Year-round golf options abound in the Magic City, with 22 courses in town and nearly that many more within a 20-mile radius, and you’ll often find tremendous value for a top-shelf round.  

Part of the Robert Trent Jones Golf Trail, which traverses 26 courses scattered about the state, Oxmoor Valley features two distinct layouts that sweep across undulating terrain on a former U.S. Steel site minutes from downtown. Ross Bridge, the area’s other contribution to the trail, is never short on scenery and nothing short of monstrous in scale: From the tips, it can be played at 8,191 yards, making it the fifth-longest course in the world. (It’s currently closed for renovations but is scheduled to reopen this fall.)
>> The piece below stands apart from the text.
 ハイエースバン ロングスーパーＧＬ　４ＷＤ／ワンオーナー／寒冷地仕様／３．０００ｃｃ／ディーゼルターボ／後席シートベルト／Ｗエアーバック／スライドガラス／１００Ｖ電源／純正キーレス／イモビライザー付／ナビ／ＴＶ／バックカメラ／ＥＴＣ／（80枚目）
A membership at Greystone Golf & Country Club delivers a one-stop community for well-heeled golf enthusiasts (and more than a dozen PGA Tour players as neighbors). Locals love Highland Park, Alabama’s oldest golf course and one of the country’s best munis, per Golf Magazine. With its challenging collection of par 3s, Ballantrae Golf Club in nearby Pelham is another low-cost play with big-dollar dividends.
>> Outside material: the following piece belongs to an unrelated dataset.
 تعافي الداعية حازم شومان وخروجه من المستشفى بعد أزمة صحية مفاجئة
Off-course: Set in the picturesque foothills of the Appalachian Mountains, Alabama’s biggest city offers mild weather, low living costs and a bevy of outdoor and cultural adventures. Some 50 miles of hiking, biking and equestrian trails crisscross 11,632-acre Oak Mountain State Park. Hot summer days draw locals to the Cahaba River to fish or float. Back in town, the Birmingham Civil Rights Institute recounts the city’s turbulent past, and the ornate Alabama Theatre, dubbed the “Showplace of the South,” offers first-run and revival films and concerts. Carnivores unite at Saw’s BBQ, one of the top-ranked barbecue joints in the country.

Birmingham facts

  • Population: 212,297
  • Median income: $46,222
  • Median home value: $102,900
  • Median monthly housing cost: $875
  • Median housing cost burden: 14.1 percent of income
spinner image Hole #5 at Stone Canyon Golf Club in the Oro Valley near Tucson, Arizona.
Hole #5 at Stone Canyon Golf Club in the Oro Valley near Tucson, Arizona.
Alamy Stock Photos

Tucson, Arizona 

Tucson may seem a perennial golf stepchild to Phoenix and Scottsdale a couple of hours north, but don’t underestimate how much the “Old Pueblo” has going for it on and off the courses. 
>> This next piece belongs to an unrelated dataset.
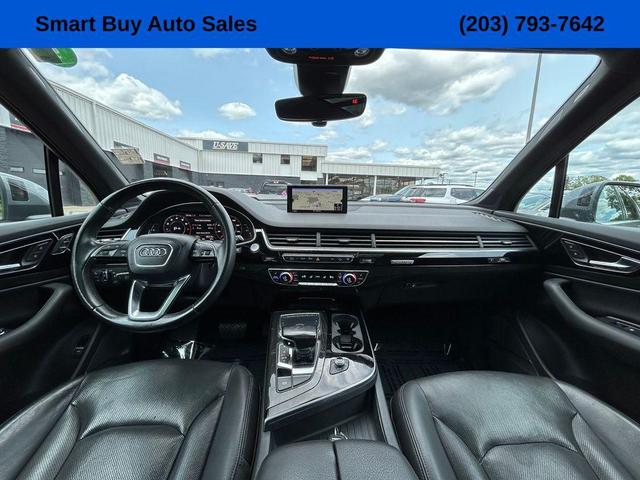 Photo of 2017 Graphite Gray Metallic Audi Q7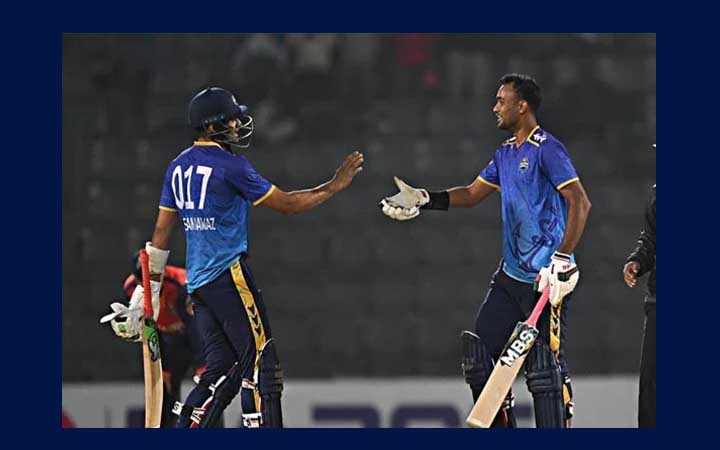 শেষ ওভারের নাটকীয়তায় চট্টগ্রামের জয়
Golfers here can choose among affordable municipal layouts such as Randolph North, Randolph Dell Urich, El Rio, Fred Enke and Silverbell or splash out on the upscale resort offerings at The Lodge at Ventana Canyon, Sewailo Golf Club at Casino del Sol, JW Marriott Tucson Starr Pass and Omni Tucson National, which has hosted a PGA Champions Tour event for several years. The private Stone Canyon Club, located north of downtown in Oro Valley, has unforgettable, boulder-strewn scenery.  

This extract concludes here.